I'm thinking to drop few lines about an experience i made last winter regarding those two plants.
Is hard to fine accurate comparision between two clones because one never knows how they were spaced and especially how much their rootstock/nutrition can vary.
Well, in my case, i guess, i have kept as close as possible two varieties in rigorously the same environment.
I grated both valentine and coctail on same rootstock, at the same height in the same spot, so everithing they got was rigorously equal. Just... i'm not sure what rootstock it is since i reused a failed clementine which i'm not sure about the origin, but i guess it must be citrumelo.



They grew nicely during summer then winter hit.



In the first column you have the average temperature in celsius and in the second the minimum temperature in celsius. As you can see we got till 17F with about two weeks of sub freezing nights (and i mean, not just light frosts).
During all this time both the valentine and the cocktail were outside with just a light frost cloth.
Well somehow they manage to survive with just little dieback and not becoming completely defoliated.
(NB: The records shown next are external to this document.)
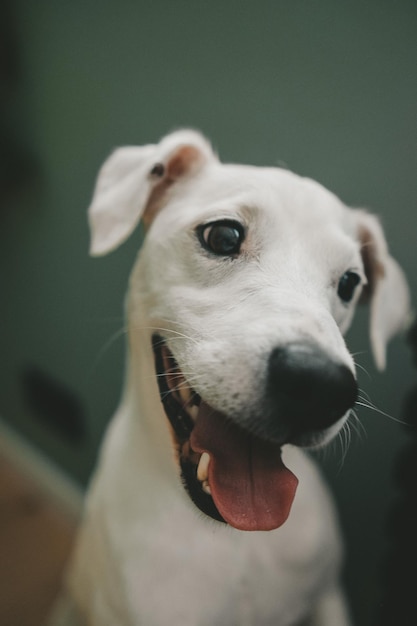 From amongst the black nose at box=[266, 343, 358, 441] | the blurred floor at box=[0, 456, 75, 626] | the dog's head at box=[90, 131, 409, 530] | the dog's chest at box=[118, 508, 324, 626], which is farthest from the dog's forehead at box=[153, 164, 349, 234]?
the blurred floor at box=[0, 456, 75, 626]

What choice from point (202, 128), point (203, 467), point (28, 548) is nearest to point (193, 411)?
point (203, 467)

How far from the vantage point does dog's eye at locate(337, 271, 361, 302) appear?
58 centimetres

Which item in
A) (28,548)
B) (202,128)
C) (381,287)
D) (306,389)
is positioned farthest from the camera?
(28,548)

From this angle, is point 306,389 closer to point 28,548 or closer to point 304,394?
point 304,394

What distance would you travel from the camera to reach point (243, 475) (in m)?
0.49

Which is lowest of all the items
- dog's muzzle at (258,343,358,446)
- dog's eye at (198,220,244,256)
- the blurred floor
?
the blurred floor

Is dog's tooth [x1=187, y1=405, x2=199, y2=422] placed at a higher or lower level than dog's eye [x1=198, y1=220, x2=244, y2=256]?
lower

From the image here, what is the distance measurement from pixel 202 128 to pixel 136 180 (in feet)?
0.54

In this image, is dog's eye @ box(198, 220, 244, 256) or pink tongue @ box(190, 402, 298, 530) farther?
dog's eye @ box(198, 220, 244, 256)

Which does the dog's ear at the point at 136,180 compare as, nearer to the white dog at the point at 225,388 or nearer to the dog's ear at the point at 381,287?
the white dog at the point at 225,388

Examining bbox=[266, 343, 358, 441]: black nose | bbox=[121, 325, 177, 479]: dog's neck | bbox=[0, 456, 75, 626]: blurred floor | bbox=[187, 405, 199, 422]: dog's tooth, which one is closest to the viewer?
bbox=[266, 343, 358, 441]: black nose

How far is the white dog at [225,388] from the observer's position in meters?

No flowering this year but they bounced back.

Here a picture of them just after the frost at the end of january (the right part of the plant is cocktail and the left part is valentine, frost cloth moved up to show leaf damage):



They managed to survive! Pretty beaten but alive. Of course some degree of defoliation was to be expected and so happened (BTW you can see on right bottom corner of the pic a twig of ilya11's voss bloomsweet grapefruit completely unfazed by the cold)
This is them a month later:



The cocktail grapefruit got beaten a little harden than Valentine, even if i have to admit that on a small sized plant like this one is hard to make conclusive statements.
What can be said is that Valentine and Cocktail when dormant are pretty cold tolerant. Also im not completely sure but i suspect that keeping some leaves alive on more exposed twigs may be useful to help the plant in avoiding entire twig dieback. It's just a thought though.
Right now coctail has also a flower while valentine is a little more shy, but they completely recovered.
« Last Edit: May 09, 2019, 07:13:29 PM by Pancrazio »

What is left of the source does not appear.